Limitations & Future Work

  • Lack of test data decontamination mechanisms: The authors acknowledge that the models' pre-training corpora might contain NorEval test data, which could overestimate model performance.
  • Limited human baseline coverage: Baselines were only established for 5 Bokmål tasks, with only 50 samples per baseline, and no human baseline was provided for Nynorsk.
  • Unverified reliability of LLM-as-a-judge for low-resource languages: Whether large models trained primarily on English can reliably judge Norwegian generation quality requires further investigation.
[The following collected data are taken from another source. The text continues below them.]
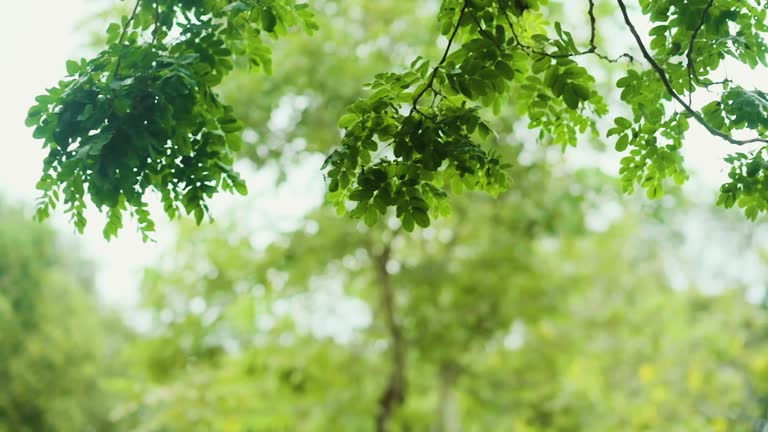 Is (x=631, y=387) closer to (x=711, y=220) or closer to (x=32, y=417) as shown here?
(x=711, y=220)

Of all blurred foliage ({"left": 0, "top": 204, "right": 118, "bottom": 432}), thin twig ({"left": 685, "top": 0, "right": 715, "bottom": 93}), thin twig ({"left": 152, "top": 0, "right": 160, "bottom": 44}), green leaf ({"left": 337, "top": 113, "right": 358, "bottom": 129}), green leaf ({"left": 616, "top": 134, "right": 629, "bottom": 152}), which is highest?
blurred foliage ({"left": 0, "top": 204, "right": 118, "bottom": 432})

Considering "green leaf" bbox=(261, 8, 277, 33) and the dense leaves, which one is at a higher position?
"green leaf" bbox=(261, 8, 277, 33)

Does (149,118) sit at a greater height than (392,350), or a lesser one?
lesser

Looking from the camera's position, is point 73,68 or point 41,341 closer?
point 73,68

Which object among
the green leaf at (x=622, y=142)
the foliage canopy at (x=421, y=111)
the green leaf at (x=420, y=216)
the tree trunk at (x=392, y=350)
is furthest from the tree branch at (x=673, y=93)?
the tree trunk at (x=392, y=350)

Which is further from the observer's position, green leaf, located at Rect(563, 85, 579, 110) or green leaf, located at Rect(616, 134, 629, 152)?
green leaf, located at Rect(616, 134, 629, 152)

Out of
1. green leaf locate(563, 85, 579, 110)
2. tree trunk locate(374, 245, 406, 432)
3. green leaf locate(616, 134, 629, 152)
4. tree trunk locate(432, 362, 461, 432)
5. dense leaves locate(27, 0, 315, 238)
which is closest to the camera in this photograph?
dense leaves locate(27, 0, 315, 238)

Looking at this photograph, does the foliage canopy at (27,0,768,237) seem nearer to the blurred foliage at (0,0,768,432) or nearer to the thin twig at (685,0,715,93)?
the thin twig at (685,0,715,93)

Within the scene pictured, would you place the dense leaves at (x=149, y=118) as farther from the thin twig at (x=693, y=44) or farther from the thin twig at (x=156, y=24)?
the thin twig at (x=693, y=44)

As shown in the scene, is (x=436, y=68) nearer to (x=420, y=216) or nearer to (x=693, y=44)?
(x=420, y=216)

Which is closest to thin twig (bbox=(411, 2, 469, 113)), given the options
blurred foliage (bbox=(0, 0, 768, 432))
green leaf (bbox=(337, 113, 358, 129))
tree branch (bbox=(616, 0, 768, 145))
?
green leaf (bbox=(337, 113, 358, 129))

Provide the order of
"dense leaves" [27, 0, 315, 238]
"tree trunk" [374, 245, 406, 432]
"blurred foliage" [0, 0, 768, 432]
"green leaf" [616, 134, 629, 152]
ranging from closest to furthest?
"dense leaves" [27, 0, 315, 238]
"green leaf" [616, 134, 629, 152]
"blurred foliage" [0, 0, 768, 432]
"tree trunk" [374, 245, 406, 432]

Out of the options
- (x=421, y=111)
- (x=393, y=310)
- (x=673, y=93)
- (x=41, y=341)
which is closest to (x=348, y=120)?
(x=421, y=111)

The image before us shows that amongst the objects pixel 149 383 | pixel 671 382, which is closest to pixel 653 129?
pixel 149 383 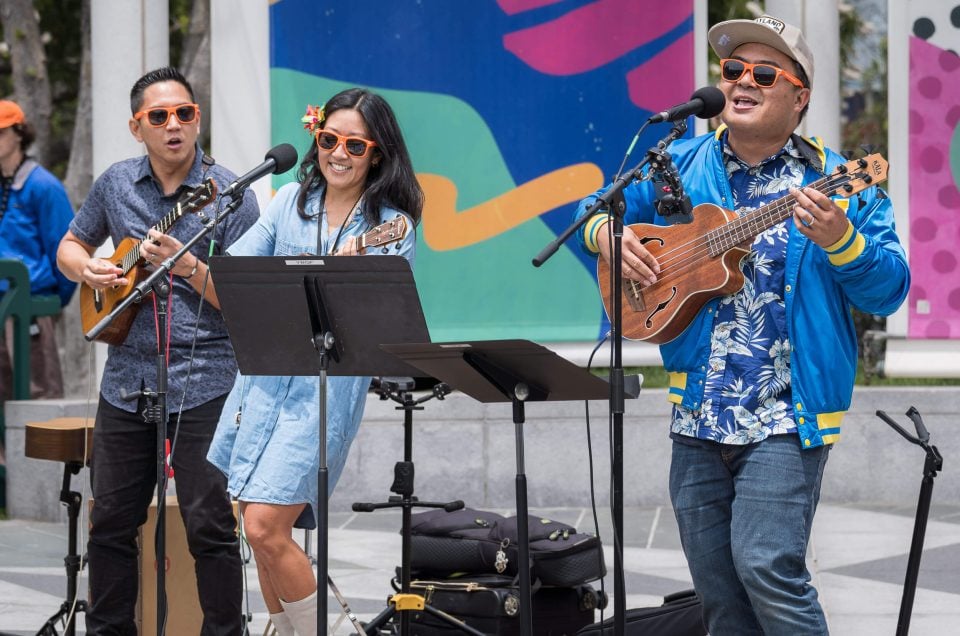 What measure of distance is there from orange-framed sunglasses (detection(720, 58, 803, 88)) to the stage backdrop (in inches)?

  • The evaluated model sizes are capped at 7-13B, lacking reference points from larger models (such as GPT-4). Future work could incorporate evaluation results of proprietary LLMs as upper-bound references.
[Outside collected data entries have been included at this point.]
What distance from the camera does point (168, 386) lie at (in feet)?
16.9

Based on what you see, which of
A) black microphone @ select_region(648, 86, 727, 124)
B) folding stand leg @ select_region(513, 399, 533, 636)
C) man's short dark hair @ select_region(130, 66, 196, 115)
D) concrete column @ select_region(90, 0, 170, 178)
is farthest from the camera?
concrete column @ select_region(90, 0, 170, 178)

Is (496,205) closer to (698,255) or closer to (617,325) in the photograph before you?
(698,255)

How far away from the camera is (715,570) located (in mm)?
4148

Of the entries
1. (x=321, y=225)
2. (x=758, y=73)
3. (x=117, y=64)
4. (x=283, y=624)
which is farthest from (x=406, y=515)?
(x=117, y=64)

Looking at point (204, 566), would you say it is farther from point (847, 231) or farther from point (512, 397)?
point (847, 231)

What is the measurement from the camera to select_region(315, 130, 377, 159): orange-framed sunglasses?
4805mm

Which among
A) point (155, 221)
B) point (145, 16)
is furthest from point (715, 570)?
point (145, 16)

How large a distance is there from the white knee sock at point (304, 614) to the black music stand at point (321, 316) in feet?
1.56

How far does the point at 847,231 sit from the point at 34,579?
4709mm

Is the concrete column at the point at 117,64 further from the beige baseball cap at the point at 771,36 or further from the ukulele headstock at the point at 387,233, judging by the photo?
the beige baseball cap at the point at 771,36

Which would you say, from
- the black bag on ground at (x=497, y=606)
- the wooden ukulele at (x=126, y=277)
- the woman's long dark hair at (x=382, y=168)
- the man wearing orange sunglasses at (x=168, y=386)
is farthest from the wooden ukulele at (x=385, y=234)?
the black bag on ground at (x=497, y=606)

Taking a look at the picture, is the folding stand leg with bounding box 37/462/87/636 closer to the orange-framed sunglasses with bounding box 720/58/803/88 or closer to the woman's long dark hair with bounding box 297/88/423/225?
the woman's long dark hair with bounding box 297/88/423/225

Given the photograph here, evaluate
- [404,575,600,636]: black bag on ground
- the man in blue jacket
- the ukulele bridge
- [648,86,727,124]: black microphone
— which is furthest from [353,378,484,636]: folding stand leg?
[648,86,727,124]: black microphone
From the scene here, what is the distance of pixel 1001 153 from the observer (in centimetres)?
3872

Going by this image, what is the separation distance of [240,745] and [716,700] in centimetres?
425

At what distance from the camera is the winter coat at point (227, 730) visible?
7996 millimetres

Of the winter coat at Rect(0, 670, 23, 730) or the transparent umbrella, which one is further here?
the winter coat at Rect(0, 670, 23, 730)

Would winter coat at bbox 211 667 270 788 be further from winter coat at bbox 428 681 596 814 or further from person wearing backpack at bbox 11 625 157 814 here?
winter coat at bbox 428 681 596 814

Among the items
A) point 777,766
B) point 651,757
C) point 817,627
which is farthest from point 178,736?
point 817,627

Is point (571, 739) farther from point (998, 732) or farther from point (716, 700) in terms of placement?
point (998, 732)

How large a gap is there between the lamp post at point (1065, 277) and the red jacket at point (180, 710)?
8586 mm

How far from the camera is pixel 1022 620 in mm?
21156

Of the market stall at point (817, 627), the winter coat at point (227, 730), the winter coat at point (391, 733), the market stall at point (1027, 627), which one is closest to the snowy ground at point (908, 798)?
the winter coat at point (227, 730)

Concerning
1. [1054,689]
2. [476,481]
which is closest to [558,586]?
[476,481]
  • vs NorBench: NorBench only covers 10 traditional NLP tasks (POS, NER, etc.), whereas NorEval expands to 24 datasets and 9 task categories, particularly adding generative evaluations such as truthfulness and instruction following.
  • vs ScandEval: ScandEval is a cross-Nordic language benchmark with overlapping datasets but includes machine-translated data. NorEval is almost entirely built upon manually created data, ensuring better quality.
  • vs NLEBench: NLEBench focuses on Norwegian generation capabilities but entirely neglects Nynorsk, and 7 out of 9 datasets contain unproofread machine translations. NorEval holds advantages in both data quality and language diversity.

Rating

  • Novelty: ⭐⭐⭐ While the innovation of evaluation benchmark work is somewhat limited, it makes a significant contribution to the Norwegian NLP community.
  • Experimental Thoroughness: ⭐⭐⭐⭐⭐ Highly comprehensive, consisting of 19 models, 24 datasets, diverse evaluation scenarios, human baselines, and bias analysis.
  • Writing Quality: ⭐⭐⭐⭐ Structured cleanly, rich in empirical data, and equipped with extremely comprehensive appendices.
  • Value: ⭐⭐⭐⭐ Successfully fills the gap in Norwegian evaluation, and the proposed methodology can be transferred to other low-resource languages.